Leave the real world to the real world. To borrow from Clement Greenburg, “screen is screen, pixels are pixels.” You’ve got a million colors and several million pixels to play with, unlimited fonts, and the only thing you can think of is a coffee table? But the telephone links to “contact us.” Get it? Apple pioneered this interface in 1995, and your idea is neither new nor interesting. Try again.
2. No more popups. Seriously.
And do NOT expand the browser window with javascript to fill my entire screen. Likewise, do not shake it, wiggle it, or otherwise manipulate it beyond changing the content within the browser window. It is my browser, and I have it just how I want it. I am graciously giving you my attention for a few seconds, and if you so much as twitch the screen, I will leave because you have broached my personal space.
3. Buck Conventions.
Like it or not, some web design conventions have emerged over the years, and your mom is just starting to get the hang of it. Search boxes go up at the top right. Navigation on either the left or across the top. And it does not move from page to page, or when your mouse gets close to it. Text links are underlined. Unless you are prepared to retrain my mom, your mom, his mom, her mom, and the millions of other web users who have learned to follow these established conventions, do not break the rules, unless you have a very, very good reason. And no, that reason can’t be “it looks better.” Or “it won’t fit over there.” Make it work.
4. The Filter is the Message.
Just knock it off. Lens flare does not a design make. People who design realtor’s web sites seem especially prone to this. TIP: For an *instant* realty web site, open your realtor’s portrait or house photograph in Photoshop. Play the default action called “Quadrant Colors.” WOW!

5. The Helvetica Goes Up to 11.
Helvetica is an awesome font. Used for your headlines, body text, logo, tagline, bylines, fishing lines, captions, pull quotes, it is boring. It has been used to death by the Web 2.0 crowd, and if I see another all-Helvetica site I will probably look up your house on whois.sc and Google Maps and sign you up for lots of spam and laugh at how tiny your hard drive looks from 100,000 feet.
6. Idiot Quotes.
As opposed to ’smart quotes.’ Even Microsoft Word knows better than to use vertical quotes in setting text. I will forgive you not doing this in HTML text, but when you are using an image for a headline, it’s inexcusable.

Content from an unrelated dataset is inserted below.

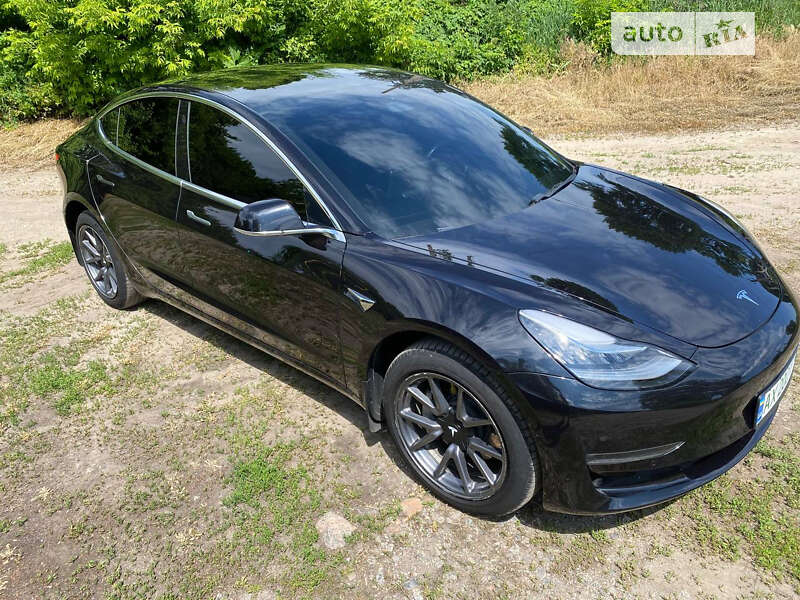 Седан Tesla Model 3 2018 в Валках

On a Mac, get a curly quote with:
option + shift + ]
On a PC, visit Apple.com and order yourself a Mac. On a Linux box, get a real job.
7. Comic Sans.
Greater minds than mine have addressed this serious issue, but with the frequency I seem to encounter it, I think it bears repeating.

hahaahah
“Unless you are prepared to retrain my mom, your mom, his mom, her mom, and the millions of other web users who have learned to follow these established conventions, do not break the rules.”
That’s my favorite part.
Comment by Scott Vandehey — January 23, 2007 @ 2:30 pm
Here’s some more annoying things for your list:
8. Sites that look like they were bought from template monster
9. Menu links that go to an unfinished page with the same menu link word repeated on them
10. Using terrible quotations from real people when one of your own would do if you really felt it necessary
11. Calling yourself a Webmaster or Creative Director and using friends and made-up names as employees
12. Drop down menus from 1995 - in relation to the aforementioned firm in point no. 12, ‘http://www.popart.com’
13. Making lists about something you obviously know little about
Comment by josimar — January 23, 2007 @ 3:15 pm
How about this one…
Don’t use Flash for menu’s in an HTML site just to make the fonts pretty and add an interesting hover state. Take away my right click on a link and I’ll Alt-F4 your ass!

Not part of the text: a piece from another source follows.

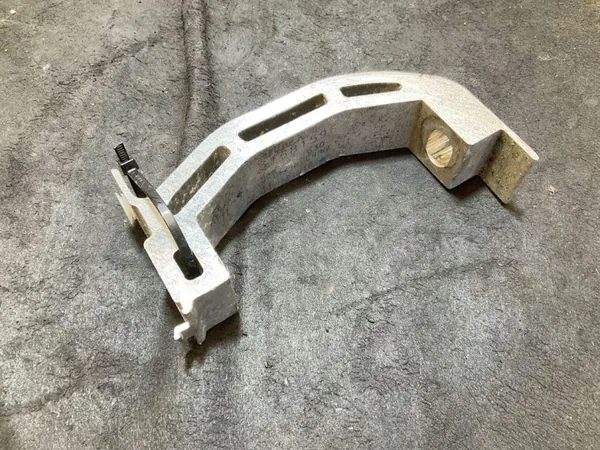 Pièce de compartiment moteur Volvo OEM 31681596 d'occasion image 4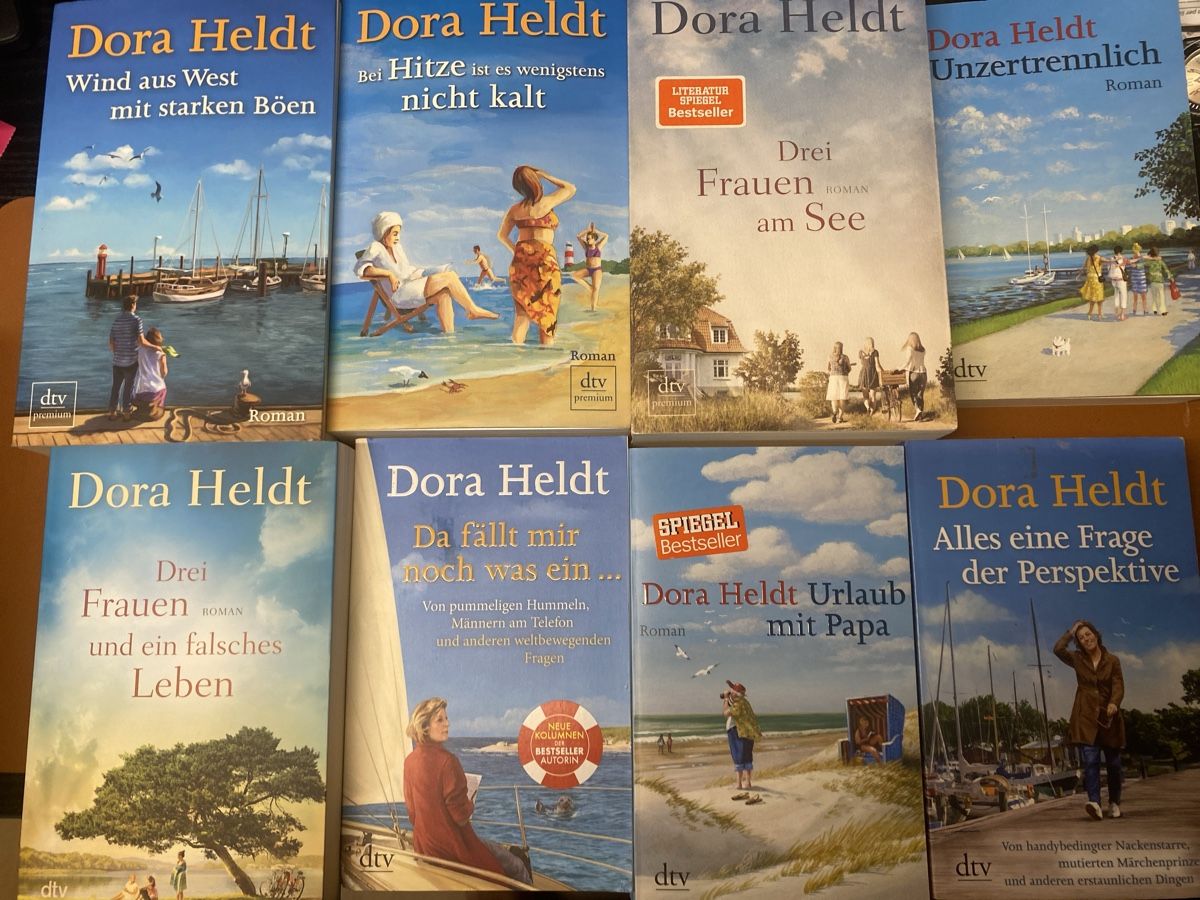 Libri: 8 Romane von Dora Heldt - Paperback  – Usato da Erlinsbach SO venduto da Silverstorm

Comment by Anony Mouse — January 23, 2007 @ 3:41 pm
“On a PC, visit Apple.com and order yourself a Mac. On a Linux box, get a real job.”
I don’t understand people’s obsession with the Macs. I’ve been designing/developing websites for about 7 years on both a Mac and a PC and I have yet to find one thing that the Mac does better than a PC other than Font Management. (PC is getting better at this though, and I find PC’s are faster at activating/deactivating fonts). The Mac I use at work is 3x faster on paper than my PC (cost 3x as much too), but in reality my PC runs every graphic application at least 3x faster. If you are designing/developing websites on a Mac, how do you know what it will look like on Internet Explorer, which 90% of your audience uses? What about file management on a Mac and its inability to cut/paste files?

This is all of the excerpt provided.